Solving this on a generic level eventually felt cleaner, where a subsystem
would have the choice of whether making use of this or not. tc/sched has
currently two types BPF_PROG_TYPE_SCHED_{CLS,ACT}, so a common facility
would be needed for both subsystems. It's a bit hard to see what other
subsystems would come in future, and we could end up with multiple
subsystem-specific APIs essentially doing the same thing.

At the very beginning, there was also the idea to just reference such an
object by name, but it would need to be made available somewhere (procfs?)
to get a picture and manage them from an admin pov. Having some object
exposed as a file like other ipc building blocks seems better, imho.
Whether as special file or file system, yeah, that's a different question.

[...]
> I see that tail calls makes this all very difficult to show which entity
> uses which ebpf entity in some way, as it looks like n:m relationships.

Yes, this is indeed the case.

>> In such cases, one could even craft relationships where a (strict auto
>> generated) tree representation would not be sufficient (f.e.
>> recirculation
>> up to a certain depth). The tail called programs could be changed
>> atomically during runtime, etc.
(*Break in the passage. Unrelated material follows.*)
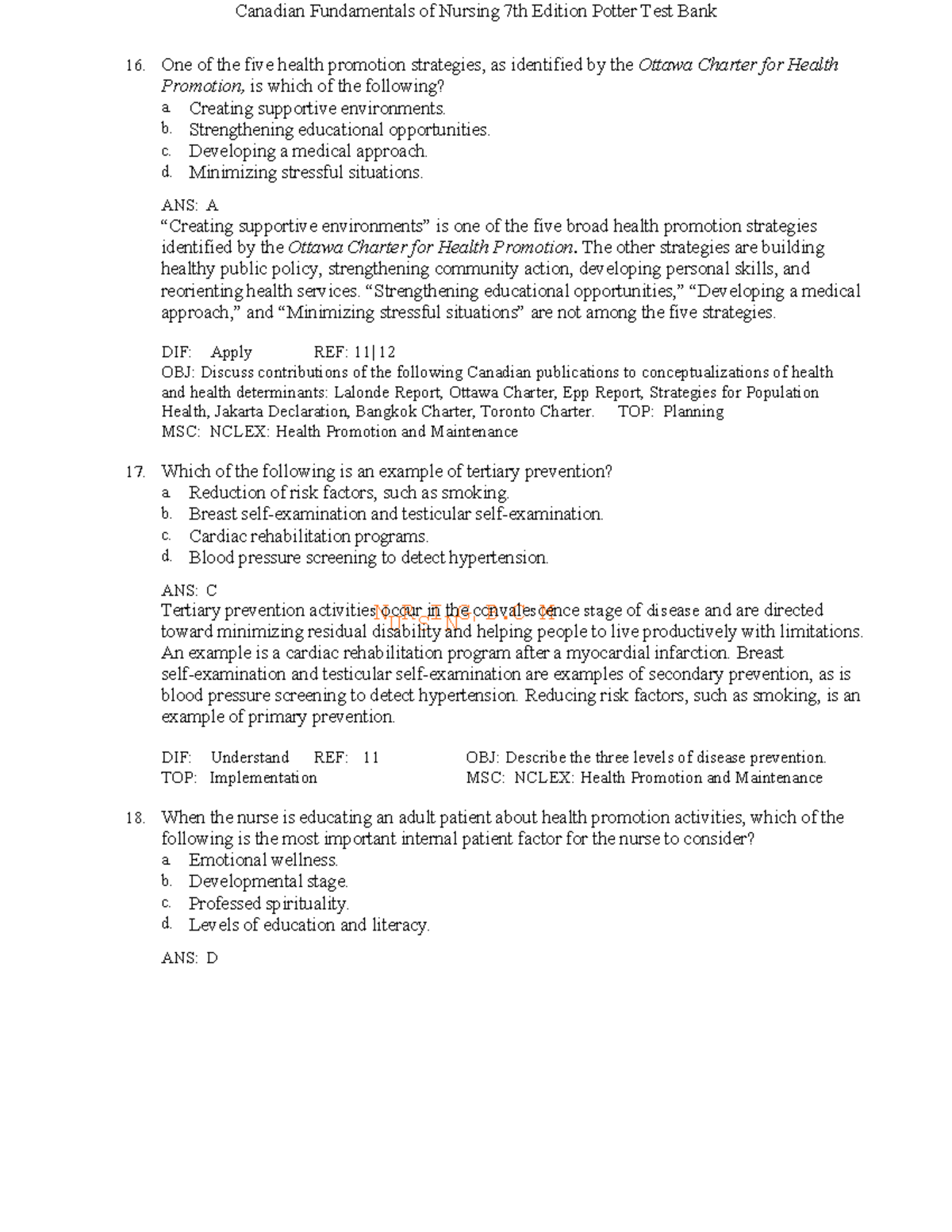 Canadian Fundamentals of Nursing 7th Ed. Potter Test Bank Insights ...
The other issue related to a per
>> subsystem
>> representation is that bpf(2) is the central management interface for
>> creating/accessing maps/progs, and each subsystem then has its own little
>> interface to "install" them internally (f.e. via netlink, setsockopt(2),
>> etc). That means, with tail calls, only the 'root' programs are installed
>> there and further transactions would be needed in order to make
>> individual
>> subsystems aware, so they could potentially generate some hierarchy;
>> don't
>> know, it seems rather complex.
>
> I understand, this is really not suitable to represent in its entirety
> in sysfs or any kind of hierarchical structure right now. Either we
> limit it somewhat (Alexei will certainly intervene here) or one of your
> filesystem approaches will win.
>
> But I still wonder why people are so against user space dependencies?
>
> Another idea that I discussed with Daniel just to have it publicly
> available: a userspace helper would be called for every ebpf entity
> change so it could mirror or keep track ebpf handles in user space. You
> can think along the lines of kernel/core_pattern. This would probably
> also depend on non-anon-inode usage of ebpf fds.

Yes, it seems to me, but other than that, it would also require a user
space daemon managing all these, right? At least from the consensus at
Plumbers, running an extra daemon was considered rather impractical wrt
deployment (same with fuse).

Best,
Daniel